→ Problem to work on
Type again, exactly, the lines below from the start through the line that includes "KRBK — 38 строчек".

[Brief descriptive captions]
★ ★ ★ ★

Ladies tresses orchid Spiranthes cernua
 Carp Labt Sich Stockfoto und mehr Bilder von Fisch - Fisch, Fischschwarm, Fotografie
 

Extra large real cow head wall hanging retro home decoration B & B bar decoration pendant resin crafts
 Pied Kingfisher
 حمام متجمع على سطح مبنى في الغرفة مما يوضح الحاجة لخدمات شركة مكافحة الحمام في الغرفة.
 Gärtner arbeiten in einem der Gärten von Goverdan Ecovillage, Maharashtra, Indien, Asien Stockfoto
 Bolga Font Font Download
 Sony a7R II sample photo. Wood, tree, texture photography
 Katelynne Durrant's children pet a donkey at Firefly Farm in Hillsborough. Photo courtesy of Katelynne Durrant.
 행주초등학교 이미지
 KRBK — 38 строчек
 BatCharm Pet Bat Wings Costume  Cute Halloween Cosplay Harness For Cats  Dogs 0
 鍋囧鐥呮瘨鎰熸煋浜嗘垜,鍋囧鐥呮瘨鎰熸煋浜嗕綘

★ ★ ★ ★

→ Written solution
Ladies tresses orchid Spiranthes cernua
 Carp Labt Sich Stockfoto und mehr Bilder von Fisch - Fisch, Fischschwarm, Fotografie
 

Extra large real cow head wall hanging retro home decoration B & B bar decoration pendant resin crafts
 Pied Kingfisher
 حمام متجمع على سطح مبنى في الغرفة مما يوضح الحاجة لخدمات شركة مكافحة الحمام في الغرفة.
 Gärtner arbeiten in einem der Gärten von Goverdan Ecovillage, Maharashtra, Indien, Asien Stockfoto
 Bolga Font Font Download
 Sony a7R II sample photo. Wood, tree, texture photography
 Katelynne Durrant's children pet a donkey at Firefly Farm in Hillsborough. Photo courtesy of Katelynne Durrant.
 행주초등학교 이미지
 KRBK — 38 строчек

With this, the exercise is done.